日時 2023年9月30日(土)、10月1日(日)
場所 宿毛湾一帯(高知県宿毛市)
主催 株式会社シマノ
後援 高知県宿毛市、一般社団法人宿毛市観光協会
天候 1日目晴れ、2日目晴れ一時雨

決勝の舞台にふさわしい豊穣の海

 

去る9月30日(土)、10月1日(日)、高知県宿毛市の宿毛湾一帯で第11回シマノ ジャパンカップ クロダイ(チヌ)釣り選手権全国大会を開催いたしました。

 

大型オナガグレの宝庫、沖ノ島、鵜来島の出船基地として知られる高知県宿毛市。一方で、近年は「マッスルチヌ」と称される大型でパワフルなクロダイが生息する湾内が注目を集め、ジャパンカップクロダイ釣り選手権の全国大会の会場として選ばれたのは、今回で6度目となります。
50cmオーバーが高確率で釣れ、ロクマル(60cm)も数多く生息する豊穣の海は、熱戦の舞台としてふさわしい夢の好釣り場です。

 

シマノの願いは出場選手に最大限の実力を発揮していただくことにあります。しかし、グレに比べ、チヌは絶対的な個体数が少なく、大会参加者中、釣果を得た選手は20~30%しかないというのは普通にあることです。晴れの舞台のマンツーマン対戦で、両選手釣果なしでは困ります。

 

そこで「釣れる」という可能性にこだわり、大会前日に実釣を行なっている選手や船頭からも情報を集め、シマノスタッフも多くのポイントで下見を行ないました。釣果の有無はもちろん、地形や水深、干満や気象・水況等を多角的に分析し、釣り場の予測を立て、事前のマキエ投入を行なって大会の舞台を作りあげました。
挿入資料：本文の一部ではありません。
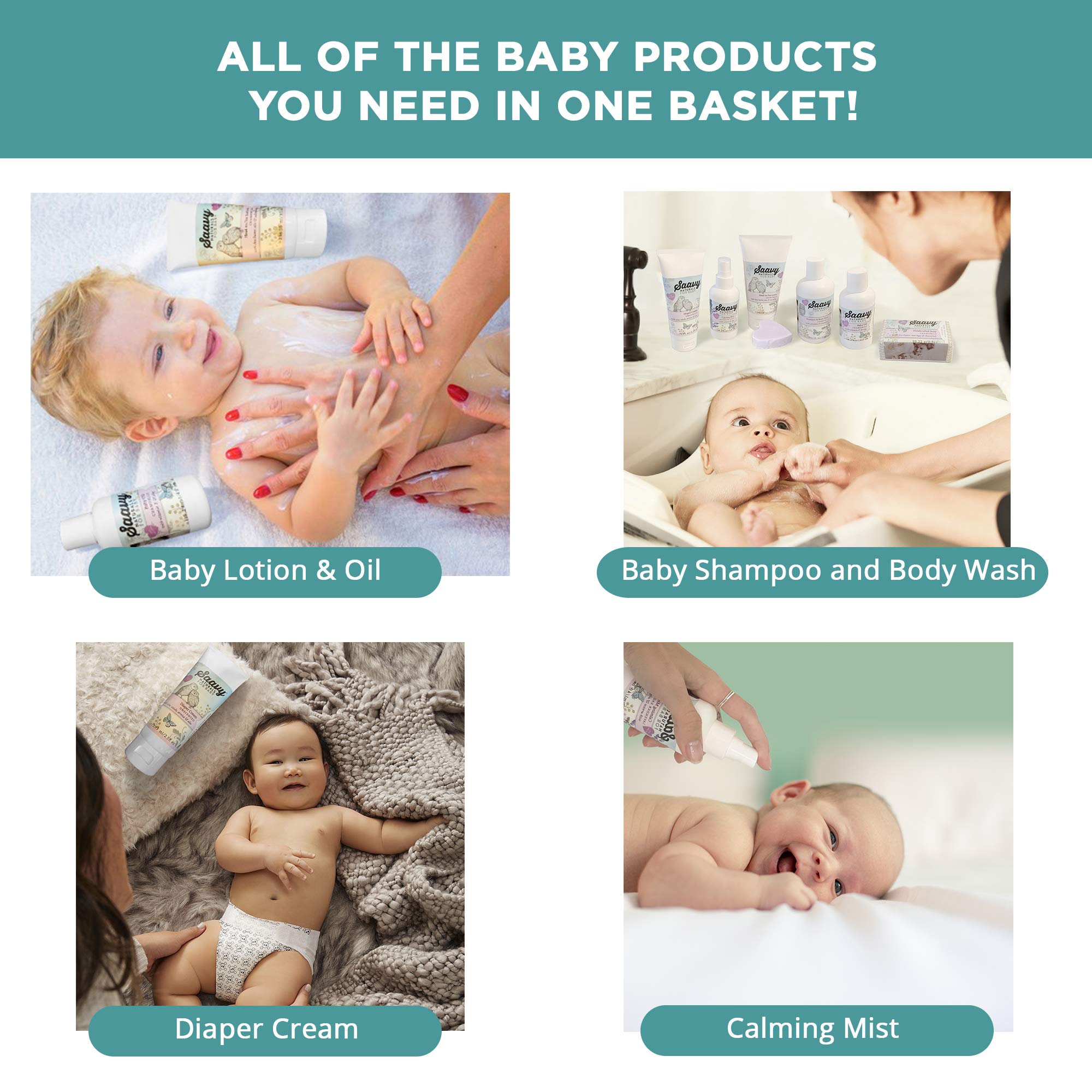 Organic Baby Shower Gift Set - 6-Piece Natural Bath Essentials for Newborns & Infants | Includes Soap Bars, Lotion, Shampoo, Baby Oil, Calming Spray & Diaper Cream | Chamomile Lavender Scented | Perfect New Mom Care Package & Baptism Present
決戦の舞台に立ったのは地区大会を勝ち抜いた17名と、第10回全国大会上位のシード選手3名を加えた、総勢20名の精鋭たち。予選は3試合、3時間のマンツーマン対戦の勝ちポイントと合計重量差で順位が決まります。

 

予選は3試合を行ない、決勝進出は上位2名のみ。予選の競技時間は前半90分、後半90分の合計180分。マンツーマンで対戦し、勝ちポイントは3点、引き分け1点、負け0点が与えられます。
合計ポイントが同点の場合、合計重量差で順位が決まります。決勝は前半60分、後半60分の合計120分になります。

 

また、SDGsの観点から魚への負担を減らす取り組みの一環で、前回大会から5匹のバッグリミット制を導入。競技終了後に選定の時間はなく、6匹目が釣れた時点で、入れ替えを義務付けるルールです。
 

第1試合

エサやタックルチェックを行った後、予選の対戦組ごとに分かれ西田渡船、フィッシング吉村の船に乗り、磯に向かいます。渡礁が完了した磯から審判が時間を管理し、競技スタート。

 

第1試合が終了し、緊張の検量が始まります。検量に持ち込んだのは20名中12名。春先の前回大会と比べると釣果がよく、ひと安心です。そんな中、暫定1位に立ったのは合計5匹、総重量5,353g釣りあげた矢吹 壮選手。矢吹選手は第8回大会の優勝者で、今回勝てばV2となります。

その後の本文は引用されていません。